PA3GZK heeft voor ons beiden een Alu aandrukblok («fig) gemaakt om de FET te bevestigen en tevens extra te koelen. Door het veel wisselen van de impedantie trafo's werd getwijfeld of een FET nog 100% was. Na het desolderen van de BLF188XR bleek het niet daaraan te liggen. Daarom werd overgegaan tot bevestigen van de FET door middel van het aandrukblok. Dat wordt verder door mij als centraal aardpunt en opstandje gebruikt om er componenten aan te bevestigen. De twee 470 pF ontkoppel condensators zijn met draad (fig») aan de drains verbonden zodat er niet steeds aan hun lippen gesoldeerd hoeft te worden. De twee 50 Ohm weerstanden zijn inductievrije types voor printmontage. Er blijkt een toevallige bijkomstigheid te zijn, want door het opwarmen van de FET werken zij als stabilisator van mijn ruststroom systeem. Of ik het daarbij gelaten wordt, moet nog bevestigd worden bij het eindresultaat van het project.

Bij veel HF transceivers kan men het vermogen terugregelen, echter bij het indrukken van de PTT kan er kortstondig het maximum vermogen uitgezonden worden. Daarna wordt het beoogde vermogen ingesteld. Zo'n vertraging is funest voor deze halfgeleider. Het is inderdaad verkwisting van vermogen, maar ik geef er de voorkeur aan om de 100 W van een set te absorberen in een verzwakker om de FET als één van de maatregelen goed te beschermen. Als de versterker onbedoelt gaat oscilleren (dat is al een paar keer gebeurd!) dan is de terugwerking op de zender door de verzwakker gering en ondervindt geen schade.

In plaats van een omschakelbare laag-doorlaat-filter (LPF) aan de uitgang, wordt vooralsnog een regelbaar pi-filter gebruikt om een betere aanpassing per band te verkrijgen. Bovendien heb ik de spullen daarvoor al jarenlang  geleden verzameld («fig).

 

 

Inmiddels kreeg ik van een vriend dit (fig») professionele low-pass filter uit een SKANTI zender. Alle filters zijn 7de order elleptische (Caurer) configuraties. Spoelen in serie zorgen voor voldoende zelfinductie om harmonischen te onderdrukken. De stopband onderdrukking is beter dan 47 dB! Dit type is voor ons bijna niet goed zelf te maken omdat de componenten vrijwel nooit een standaard waarde hebben.

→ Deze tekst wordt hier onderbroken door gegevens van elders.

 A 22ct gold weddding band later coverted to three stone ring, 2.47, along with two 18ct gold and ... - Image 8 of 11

Het zal een toer zijn om een kast  te vinden waar zowel de versterker als de grote print van de LPF in past.

Volgens de documentatie is de input SWR < 1.1 bij een 50 Ohm belasting. Helaas was op de amateurbanden de SWR beduidend slechter, zodat het zendvermogen veel minder was dan zonder LPF!

 

Een paar voorbeelden van hoe er geëxperimenteerd wordt met onder andere verschillende trafo systemen aan de uitgang.

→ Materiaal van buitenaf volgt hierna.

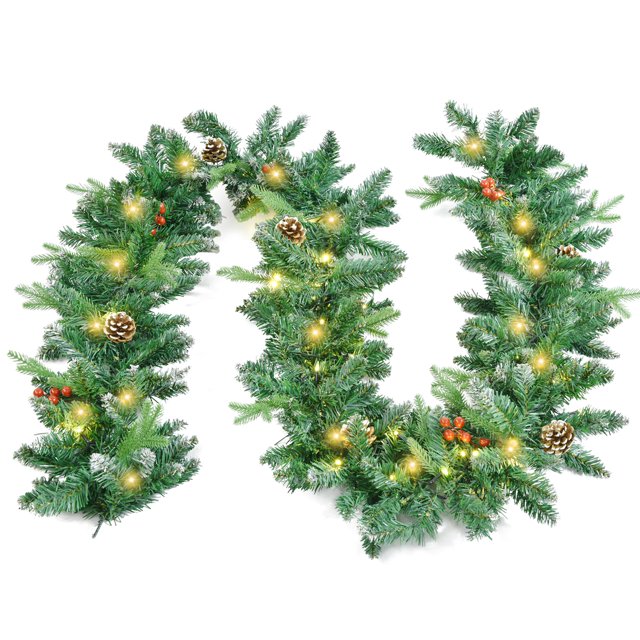 Longrv 9 FT Christmas Prelit Garland Decorations, 50 LED Warm Lights Battery Operated Lighted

Eerder werd al gemeld dat de er verder gegaan wordt met transmissielijn transformators.  Het blijkt een probleem te zijn om het zodanig te maken dat er een redelijk gelijk vermogen verkregen wordt op alle 9 amateurbanden. Zelfs niet als het schema van W6PQL nagebouwd wordt. PA3GZK («fig») doet het met een print ontwerp waarbij de "sporen" bestaan uit uitgezaagde vlakken die gelijmd worden op een grotere epoxy printplaat. Een methode die ik ook geregeld toepas, maar bij deze PA wordt directe montage gebruikt zoals dat in de vorige eeuw ook werd gedaan. Voor HF lijkt het mij sterk dat het ene beter is dan het andere.  Wat we ook deden, en wij zijn weken bezig geweest met allerlei ferriet en trafo's, het door de Amerikaan geclaimde resultaat is door ons nog steeds niet bereikt.  

In een artikel op Internet wordt aangevoerd dat een varkensneus type transmissielijn trafo breedbandiger is dan hetzelfde systeem vervaardigd met één ferriet pijp. Mijn ervaring is dat het inderdaad waar is en dat wordt hier gedaan met twee pijpjes naast elkaar als quasi varkensneus. Mijn beste resultaat tot nu toe is aanpassen met een 1 ÷ 4 transmissielijn trafo gevolgd door een afstembaar pi-filter. Zonder dat is er nog steeds een behoorlijk verschil in het zendvermogen in de laagste en hoogste amateurbanden.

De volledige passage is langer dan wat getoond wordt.